PAUL F. DE SOUZA
Le mythe du chef
Il est faux de prétendre que toutes les décisions doivent émaner d’un seul chef. Une pareille personnalité n’existe pas, faute d’omniscience et du temps nécessaire pour s’informer. En réalité, le responsable politique assume précisément la dernière décision le plus souvent par arbitrage de bon sens et en porte la responsabilité. Mais c’est une figure dont il ne faut pas exagérer le sens. Le plus souvent, la décision paraît émaner du sommet politique, mais c’est une image virtuelle, un effet d’optique pour les âmes simples.
Le plus souvent, les décisions résultent d’une concertation, d’une élaboration au sein de commissions d’experts. Elles ne remontent qu’exceptionnellement les degrés de l’échelle politique. Elles sont prises par délégation, au nom du gouvernement en place et c’est encore une fiction que ce collectif. Et cette élaboration est une garantie contre l’arbitraire ou les sottises.

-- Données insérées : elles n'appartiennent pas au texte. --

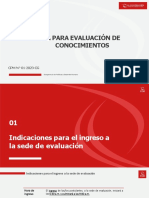 CPM_01_2023_EC_Guia_Evaluacion_Conocimientos.pdf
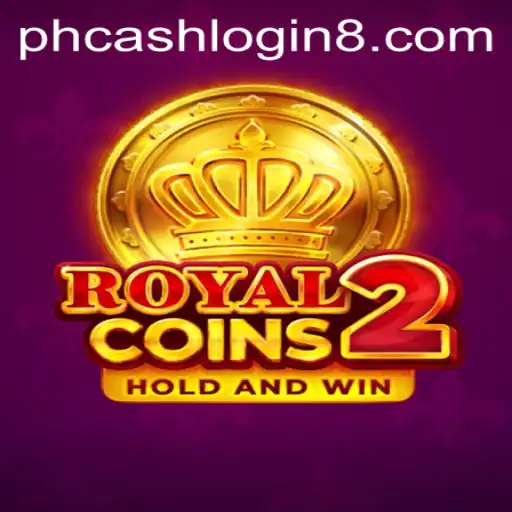 Discovering the Exciting World of RoyalCoins2: A Guide to Mastering the Game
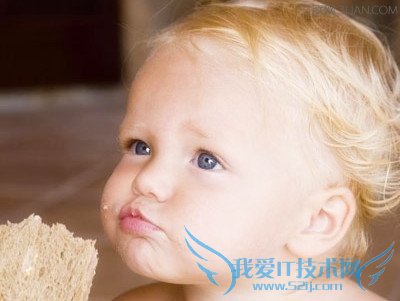 新生宝宝洗澡安全事项 三联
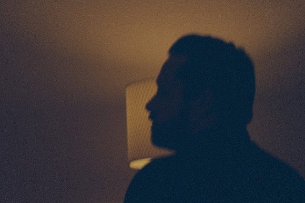 Monophonics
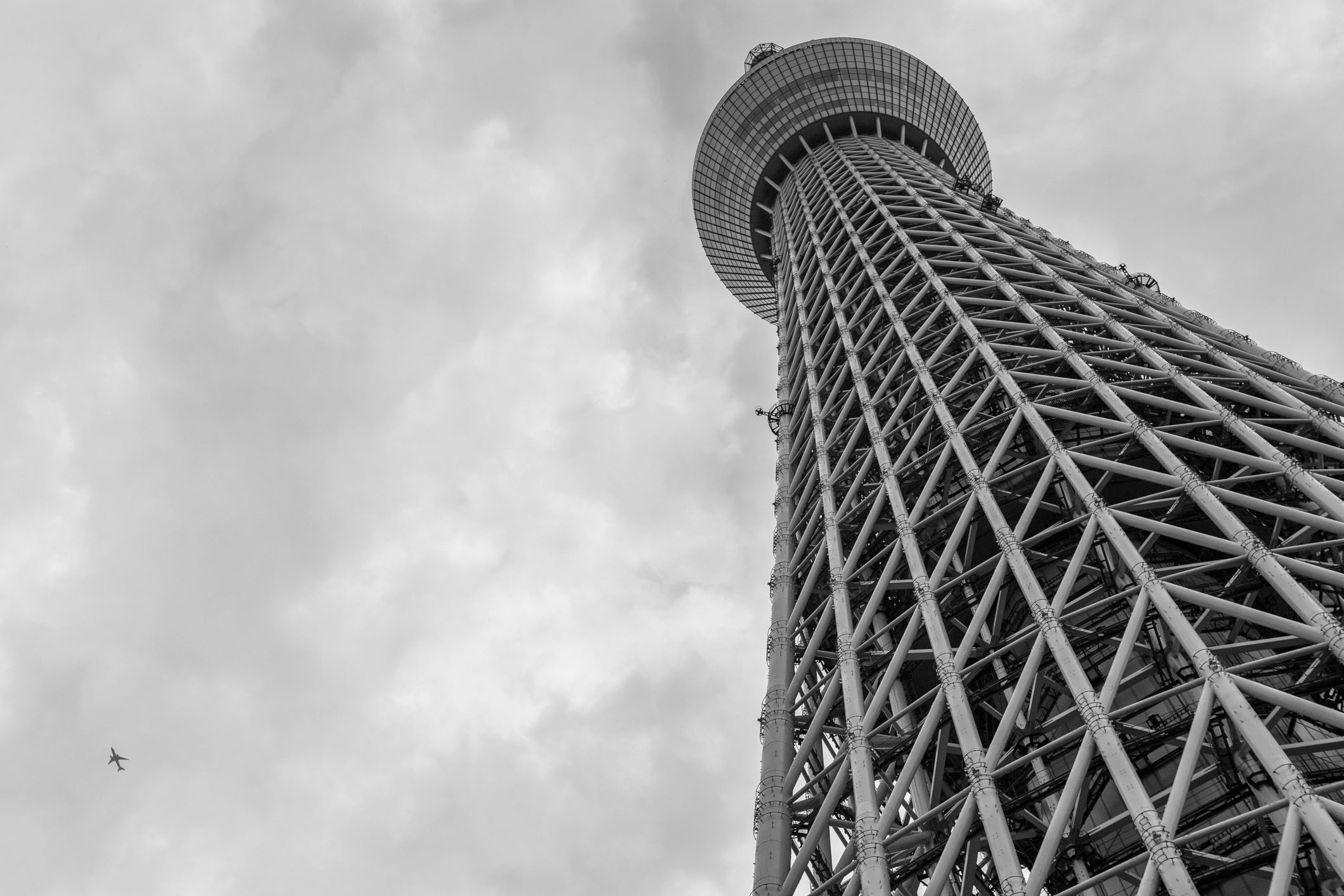/Guewen/galeries/public/Voyages/Japon/Tokyo/Skytree-Tower/exterieur/Skytree_09.jpg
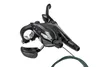 Shimano Ef505 Disc Linker Bremshebel Schwarz 3s Schwarz 3s Produktbild-Vorschau 4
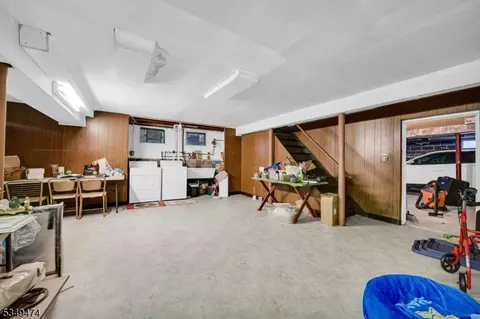 14 Harvard St, Summit, NJ 07901 photo 37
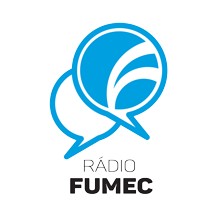 Radio Fumec logo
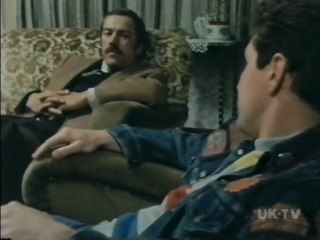 Give Us a Break (1983) Episode 6: Business is Business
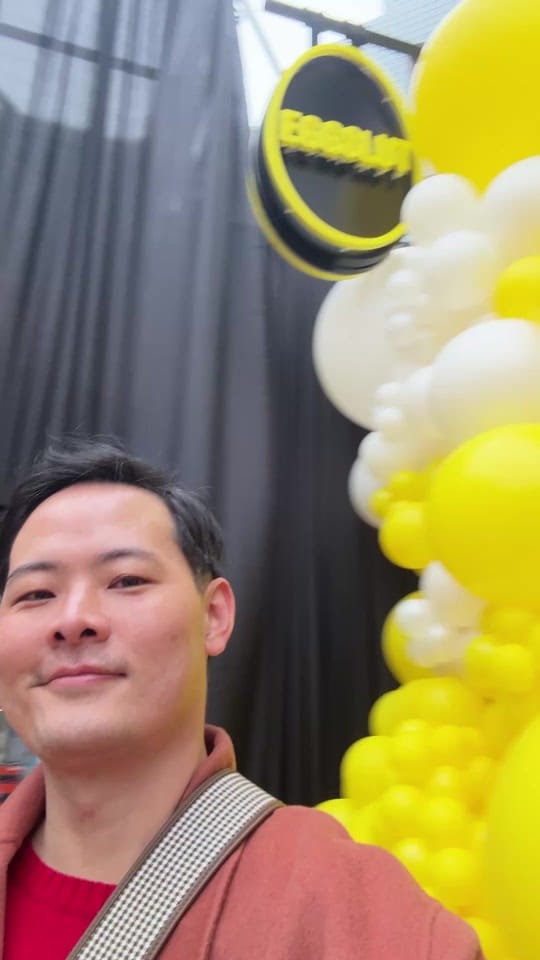 Post 7 by Didieryhc on TikTok (video)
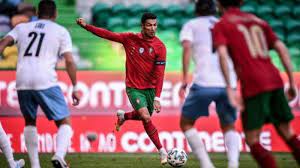 Follow sportstar's live updates as portugal takes on hungary in its first group f match at the ferenc puskas stadium in budapest. Pobbbqf 9qkjvm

Cette notion de responsabilité, c’est-à-dire de sanction (parfois symbolique : la chute du gouvernement), est essentielle à la démocratie : elle signifie que tout exercice du pouvoir est limité dans le temps et qu’il faudra rendre des comptes, attitude virile et d’affirmation du citoyen, et même moralisatrice de la vie politique, sans tabou, sans chef prédestiné, sans mage.
Politique et morale
Soulignons que tout mouvement autoritaire est refus de la confrontation, de l’écoute de l’autre et ainsi, méprise l’homme en lui déniant sa dignité. Et c’est pourquoi il est conduit à la violence quand les arguments ne suffisent plus et même l’anticipe, envers ceux que l’on traite suivant les époques de marginaux, de protestants, de juifs en boucs émissaires.
De même, idolâtrer quelque chef « prédestiné », c’est oublier que tout homme est sujet à l’erreur, que la vérité est souvent contingente, c’est méconnaître la nécessité en toute chose de la mesure, de la vérification, la stimulation qu’apporte toute vue critique.
Sur le plan des valeurs, c’est aussi tourner le dos à l’attitude réflexive, à ce contrôle permanent de l’esprit, à cet enrichissement par dépassement de soi et oubli de l’enflure de la personnalité. La démesure trans- forme l’homme, non en surhomme, mais en clown tragique et mégalomane dangereux. Les peuples qui s’abandonnent à un gouvernement despotique obtiennent ainsi une caricature de système politique, une démonstration réellement monstrueuse de ce que devrait être l’agencement des responsabilités dans la cité.
Une politique, qui ne s’aligne pas pour élever l’homme à des responsabilités plus étendues et d’un ordre plus élevé, est définitivement une perversion.